I didn't say it was obvious, I just said it's a more obvious humour. Or thats what I meant anyway.
 
Onket said:
I'm not watching the repeats, but I have been watching the DVD recently. I only managed to catch 3 of them when it was on the first time round. I think it's very good.

The DVD's well Jackson - loads of bum extra features including a Banksy style book - "Fucking With Your Head Yeah?", (the lastest Banksy book "Wall and Piece" contains a caption which reads "Trade Marks Are for Losers (tm)" :rolleyes: - theres nothing quite so idiotic in the Barley book).

Also if you select the re-dub and press either right or left when its loading you get a short commentary over the "Polanski" episode from Barley, Ned Smanks and Claire Ashcroft - check out yeah its well brown.
 
Anyone read his columns at the back of the G2 on friday - they are fucking wicked. What if we could have all have a suicide button on our heads. etc.

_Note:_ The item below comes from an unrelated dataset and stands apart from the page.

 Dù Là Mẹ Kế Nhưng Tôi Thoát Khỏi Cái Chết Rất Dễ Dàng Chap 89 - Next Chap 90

Does this appear on Unltd? I try not to buy papers, but 2 Brooker fixes a week would be a blessing...

Fucking genius piece of comedy this...I'm minded to have a butchers at the old 'Cunt' compilation webpage too :D
 
Kid_Eternity said:
Comedy is subjective; does it matter if I don't get what makes you laugh?
comedy is subjective but you live in funsbury bick and know stokie well ... you know these wankers are out there...
 
kyser_soze said:
Does this appear on Unltd? I try not to buy papers, but 2 Brooker fixes a week would be a blessing...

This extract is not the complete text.